Short text fragments from websites:
##########
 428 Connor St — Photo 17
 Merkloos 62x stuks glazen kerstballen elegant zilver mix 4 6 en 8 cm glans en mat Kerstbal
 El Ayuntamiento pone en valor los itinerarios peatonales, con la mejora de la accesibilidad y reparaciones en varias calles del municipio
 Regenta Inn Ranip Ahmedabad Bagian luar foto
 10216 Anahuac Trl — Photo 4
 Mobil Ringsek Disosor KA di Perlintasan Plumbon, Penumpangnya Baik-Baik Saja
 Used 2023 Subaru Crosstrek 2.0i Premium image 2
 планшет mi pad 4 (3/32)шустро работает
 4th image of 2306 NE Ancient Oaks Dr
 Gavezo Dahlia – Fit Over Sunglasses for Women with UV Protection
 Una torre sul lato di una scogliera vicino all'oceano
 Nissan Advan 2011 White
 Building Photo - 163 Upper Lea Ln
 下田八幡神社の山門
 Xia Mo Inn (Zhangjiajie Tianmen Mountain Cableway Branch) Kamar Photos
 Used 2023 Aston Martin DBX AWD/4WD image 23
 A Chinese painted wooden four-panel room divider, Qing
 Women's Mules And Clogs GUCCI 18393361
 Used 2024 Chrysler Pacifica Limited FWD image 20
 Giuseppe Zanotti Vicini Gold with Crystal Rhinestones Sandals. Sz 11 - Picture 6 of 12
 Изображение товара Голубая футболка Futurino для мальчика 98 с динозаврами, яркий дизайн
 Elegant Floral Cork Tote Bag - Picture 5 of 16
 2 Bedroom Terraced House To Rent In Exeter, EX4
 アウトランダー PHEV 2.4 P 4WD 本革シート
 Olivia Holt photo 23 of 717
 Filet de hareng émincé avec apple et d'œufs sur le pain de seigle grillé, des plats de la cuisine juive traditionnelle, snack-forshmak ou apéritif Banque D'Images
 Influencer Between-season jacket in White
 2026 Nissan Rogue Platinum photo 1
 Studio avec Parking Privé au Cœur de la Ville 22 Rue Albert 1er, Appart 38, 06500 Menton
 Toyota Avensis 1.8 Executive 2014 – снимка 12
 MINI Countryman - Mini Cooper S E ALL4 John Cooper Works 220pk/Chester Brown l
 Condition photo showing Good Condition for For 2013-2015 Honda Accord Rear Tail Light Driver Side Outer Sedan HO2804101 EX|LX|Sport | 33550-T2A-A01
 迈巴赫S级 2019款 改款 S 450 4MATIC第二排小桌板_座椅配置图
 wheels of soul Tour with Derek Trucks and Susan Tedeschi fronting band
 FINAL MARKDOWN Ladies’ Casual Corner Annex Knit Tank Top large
##########
Task item: The answer should consist of the lines from the first line of the entries through the line with "Used 2023 Aston Martin DBX AWD/4WD image 23", copied exactly.

Finished exercise:
 428 Connor St — Photo 17
 Merkloos 62x stuks glazen kerstballen elegant zilver mix 4 6 en 8 cm glans en mat Kerstbal
 El Ayuntamiento pone en valor los itinerarios peatonales, con la mejora de la accesibilidad y reparaciones en varias calles del municipio
 Regenta Inn Ranip Ahmedabad Bagian luar foto
 10216 Anahuac Trl — Photo 4
 Mobil Ringsek Disosor KA di Perlintasan Plumbon, Penumpangnya Baik-Baik Saja
 Used 2023 Subaru Crosstrek 2.0i Premium image 2
 планшет mi pad 4 (3/32)шустро работает
 4th image of 2306 NE Ancient Oaks Dr
 Gavezo Dahlia – Fit Over Sunglasses for Women with UV Protection
 Una torre sul lato di una scogliera vicino all'oceano
 Nissan Advan 2011 White
 Building Photo - 163 Upper Lea Ln
 下田八幡神社の山門
 Xia Mo Inn (Zhangjiajie Tianmen Mountain Cableway Branch) Kamar Photos
 Used 2023 Aston Martin DBX AWD/4WD image 23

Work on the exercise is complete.